▶ Task details:
Could you please retype all of the records exactly, skipping any pictures?

(Brief descriptive captions)
━━━

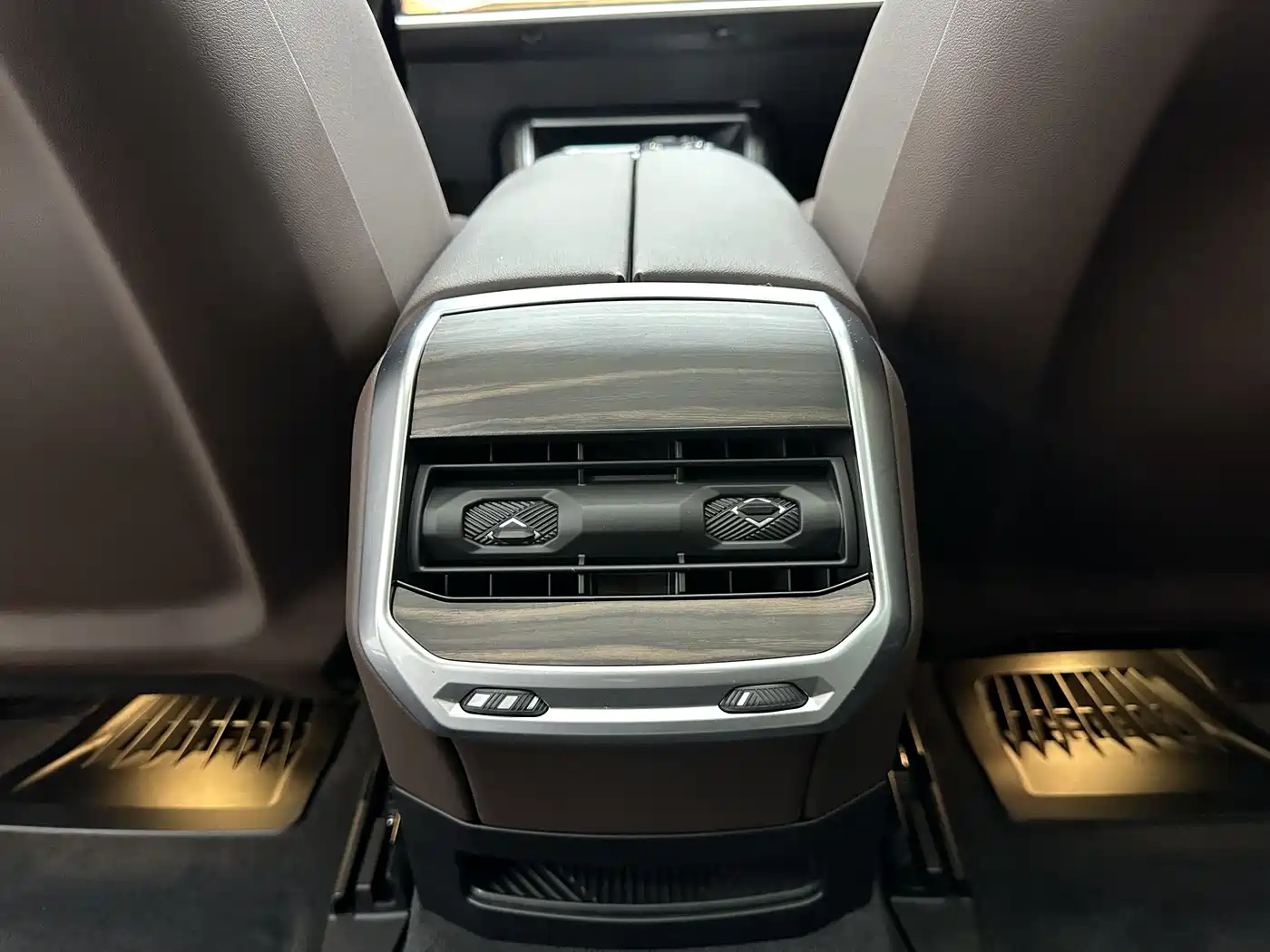 BMW 7 Series 2023 Model 735Li Luxury Package фото 17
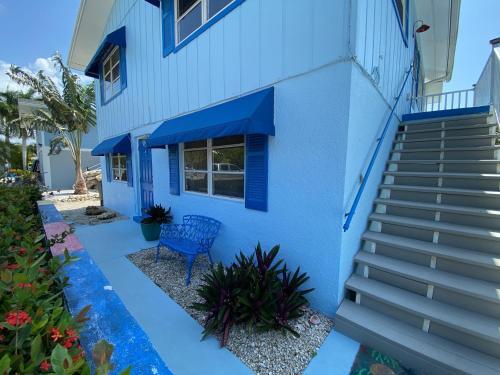 120 Bahia Via - Downstairs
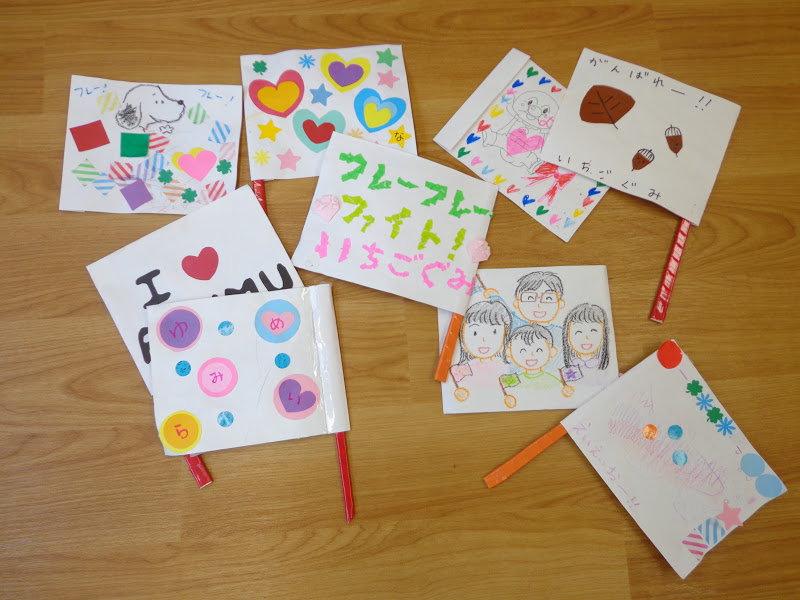 にじいろ保育園の運動会に合わせた万国旗づくり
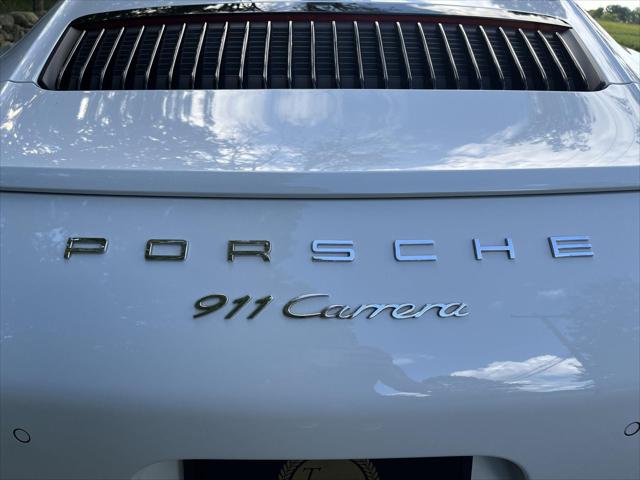 2017 Porsche 911 Carrera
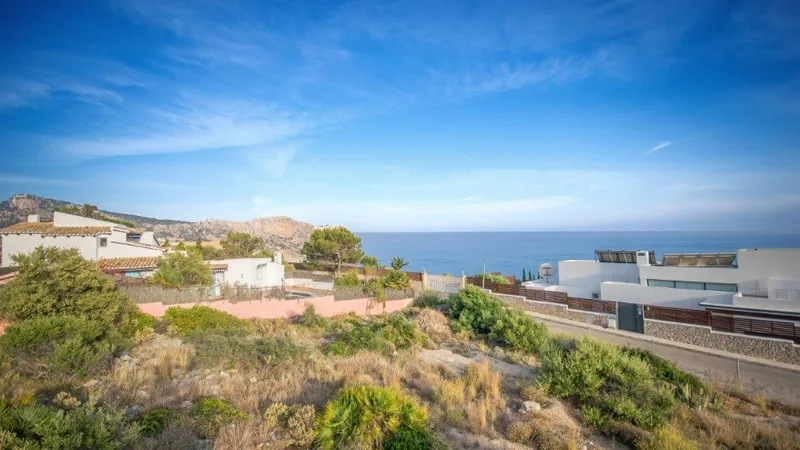 Plot in La Mola - APM_AllAboutLaMola_Links_03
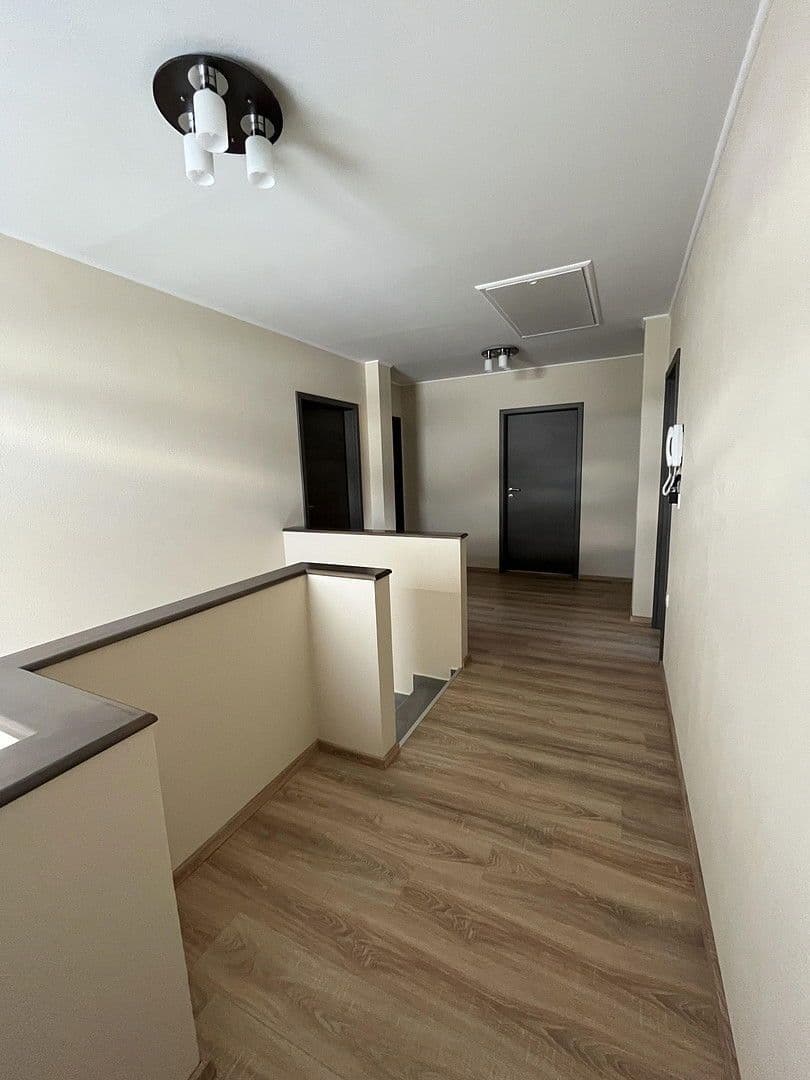 Predaj domu 178 m², pozemek 396 m², Hengersberg, Bavorsko Predaj domu 178 m², pozemek 396 m², Hengersberg, Bavorsko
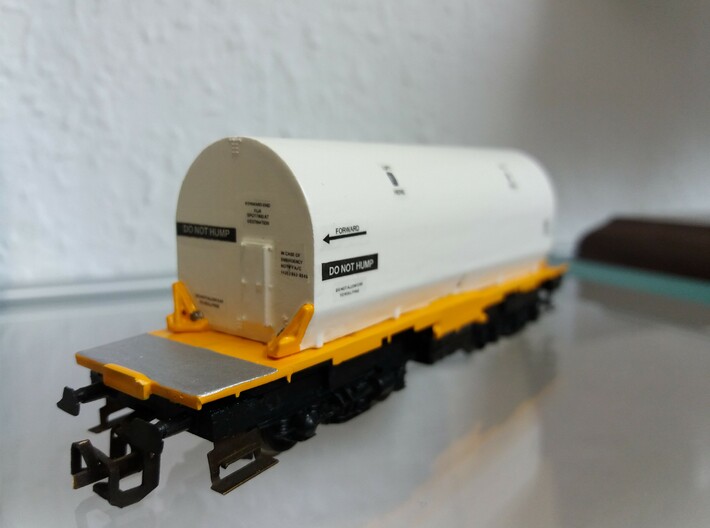 N scale 1/160 NASA SRB Flatcar Cover (1-piece) 3d printed Another photo of a customers model.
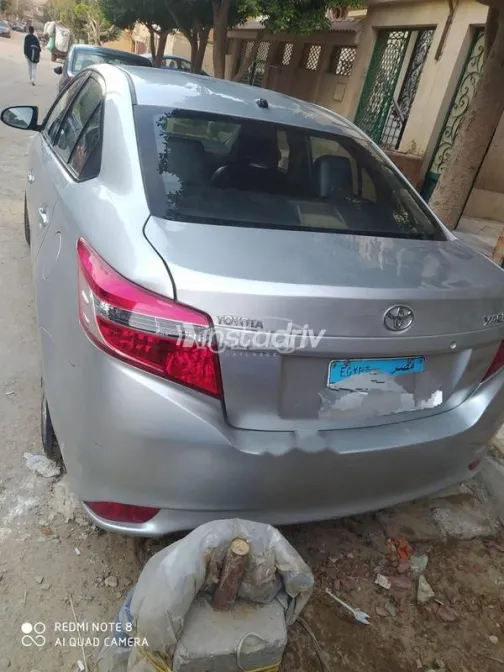 Toyota Yaris 2015 Silver Used for Sale - 2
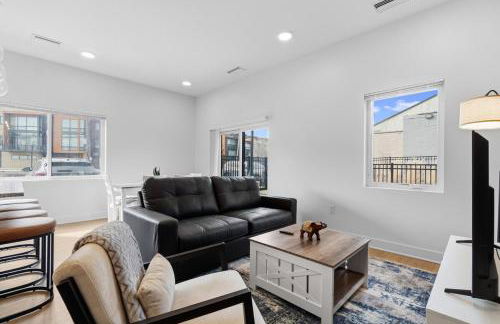 Luxury Lil' Italy 2BR, Sleeps 6 Free, Parking Gym - Foto 34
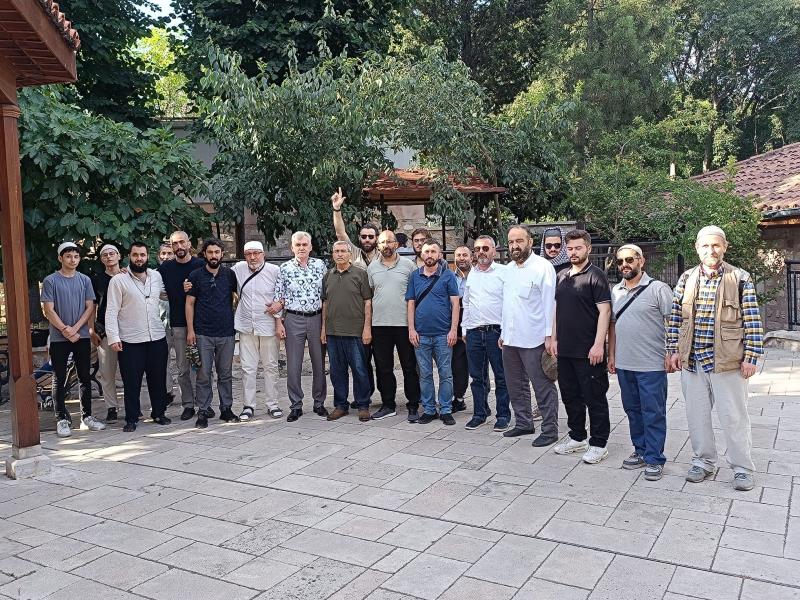 Kurban Bayramında Üstad ve Kumandan’ın Kabirleri Ziyaret Edildi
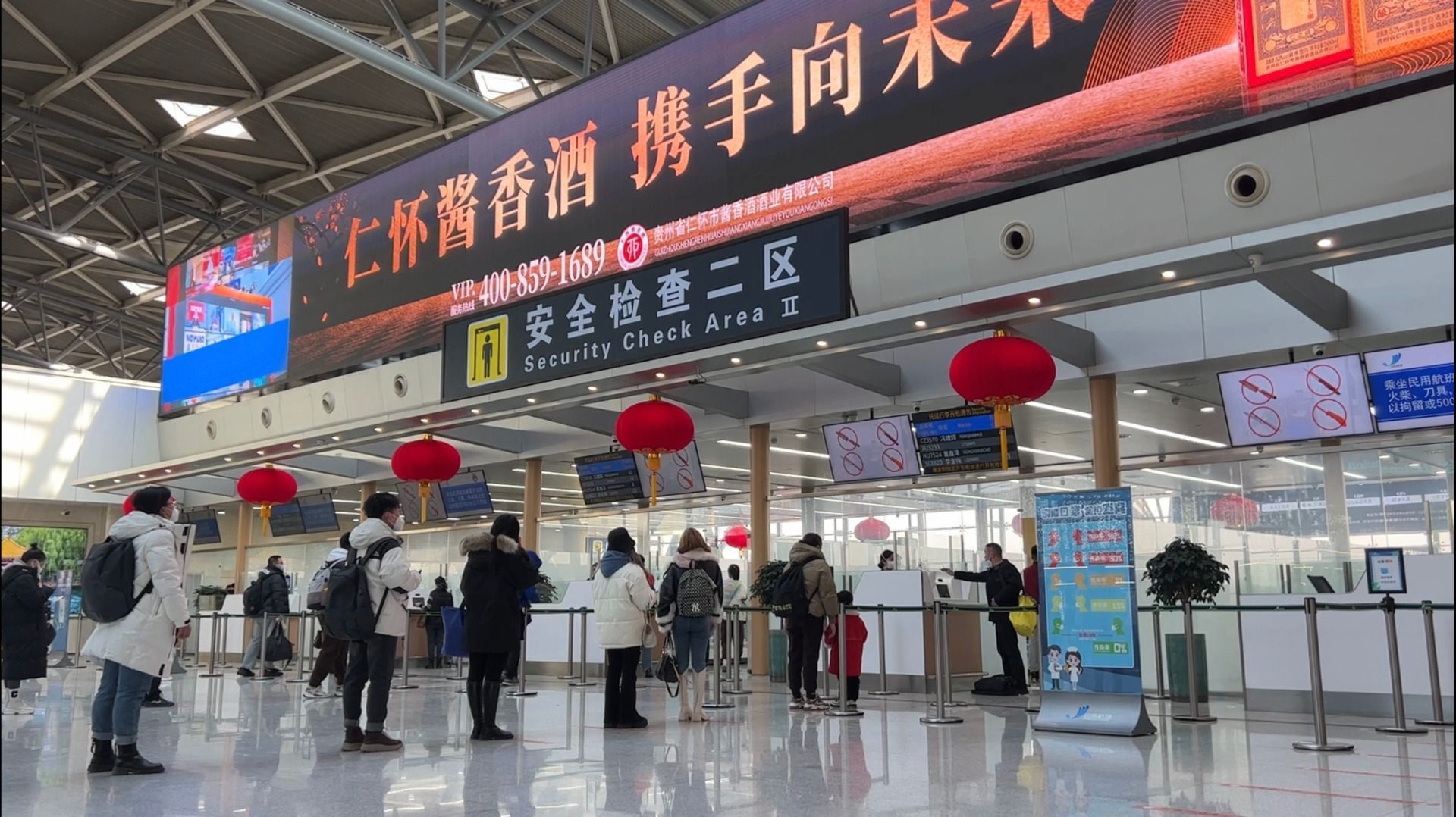 济南国际机场迎来节前客流高峰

━━━

▶ Output for this task:
 BMW 7 Series 2023 Model 735Li Luxury Package фото 17
 120 Bahia Via - Downstairs
 にじいろ保育園の運動会に合わせた万国旗づくり
 2017 Porsche 911 Carrera
 Plot in La Mola - APM_AllAboutLaMola_Links_03
 Predaj domu 178 m², pozemek 396 m², Hengersberg, Bavorsko Predaj domu 178 m², pozemek 396 m², Hengersberg, Bavorsko
 N scale 1/160 NASA SRB Flatcar Cover (1-piece) 3d printed Another photo of a customers model.
 Toyota Yaris 2015 Silver Used for Sale - 2
 Luxury Lil' Italy 2BR, Sleeps 6 Free, Parking Gym - Foto 34
 Kurban Bayramında Üstad ve Kumandan’ın Kabirleri Ziyaret Edildi
 济南国际机场迎来节前客流高峰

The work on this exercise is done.